Predicting on raw conllus

For predicting, you need to provide the --conf parameter, which is the path to the xxx.config.json file. You also need to provide the --inpath parameter, which is the path to a single conllu file or a folder containing multiple conllu. The output folder parameter --outpath (or -o) is optional.

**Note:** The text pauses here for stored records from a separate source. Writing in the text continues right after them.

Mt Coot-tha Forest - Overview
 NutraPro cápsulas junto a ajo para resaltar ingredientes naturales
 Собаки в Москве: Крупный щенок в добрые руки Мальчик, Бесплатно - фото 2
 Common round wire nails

python /home/BertForDeprel/BertForDeprel/run.py train --conf /home/models/my_parser.config.json   --inpath /home/parsing_project/to_predict/ --outpath /home/parsing_project/predicted/

Command line parameters

shared

--conf -c : path to config json file (for training, it's optional if both --new_model_path and model_name are provided)
--batch_size: numbers of sample per batches (high incidence on total speed)
--num_workers: numbers of workers for preparing dataset (low incidence on total speed)
--seed -s : random seed (default = 42)

The directory to store and load pretrained models is set via the environment variable TORCH_HOME.

train

--new_model_path -f path to parent folder of the model : optional if --conf is already provided
--embedding_type -e : type of embedding (default : xlm-roberta-large)
--max_epoch : maximum number of epochs (early stopping can shorten this number)
--patience : number of epochs without improve required to stop the training (early stopping)
--ftrain : path to train file or folder (files need .conllu extension)
--ftest : path to train file or folder (files need .conllu extension) (not required. If not provided, see --split_ratio )
--split_ratio : Ratio for splitting ftrain dataset in train and test dataset (default : 0.8)
--pretrained_path : path to pretrain model config, used for finetuning a pretrained BertForDeprel model
--overwrite_pretrain_classifiers: erase pretraines classifier heads and recompute annotation schema

predict

--model_path -m : path to the model (folder or file)
--inpath -i : path to the file or the folder containing the files to predict
--outpath -o : path to the folder that will contain the predicted files
--suffix : optional (default = "") , suffix that will be added to the name of the predicted files (before the file extension)
--overwrite : whether or not to overwrite outputted predicted conllu if already existing
--write_preds_in_misc : whether or not to write prediction in the conllu MISC column instead than in the corresponding column for upos deprel and head

keep (HEAD/UPOS/...) (optionals)

each of the following parameters is a string that can take the values "NONE" | "EXISTING" | "ALL") (default : "NONE") : --keep_heads; --keep_upos; --keep_xpos ; --keep_deprels ; --keep_misc ; --keep_feats ; --keep_deps ; --keep_morph ; --keep_lemmas ; --keep_lemmas

Prepare Dataset

You will need some conllus for training the model and doing inferences.

data for training

For training, you have the choice between :

providing a single conllu file (--ftrain cli parameter) with all your training and testing sentences (train_test split ratio is 0.8 by default, but you can set it with --split_ratio parameter)
providing a train conllu file (--ftrain) and a test conllu file (--ftest)
providing a train folder containing the .conllu files (--ftest can also be provided, as a file or a folder too)

data for inferences

For inference, you have to provide an input file or folder (--inpath or -i). The model will infere parse trees for all sentences of all conllus, and these outputted conllus will be written in the output folder (--outpath or -o)

annotation schema

For people who want to use the parser for language transfer (training on lang A, then fine tuning on lang B), it is important to provide a --path_folder_compute_annotation_schema with a folder that contains both gold conllu from lang A and B so you can precompute the annotation schema (set of deprels, uposs, feats, lemma scripts, etc) before the pretraining. It is required to use the same annotation schema for training, inference and fine-tuning.

Folder hierarchy example

Here is a folder structure example of how I am storing the different train/test/to_predicts/results conllus

|- [NAME_FOLDER]/
|   |- conllus/
|       | - <train.langA.conllu>
|       | - <test.langA.conllu>
|       | - <train.langB.conllu>
|       | - <test.langB.conllu>
|   |- to_predict/
|       | - <raw1.langB.conllu>
|       | - <raw2.langB.conllu>
|       | - <raw3.langB.conllu>
|   |- predicted/

where <train.conllu> and <test.conllu> are respectively the train and test datasets. They can have the name you want as you will have to indicate the path to this file in the running script.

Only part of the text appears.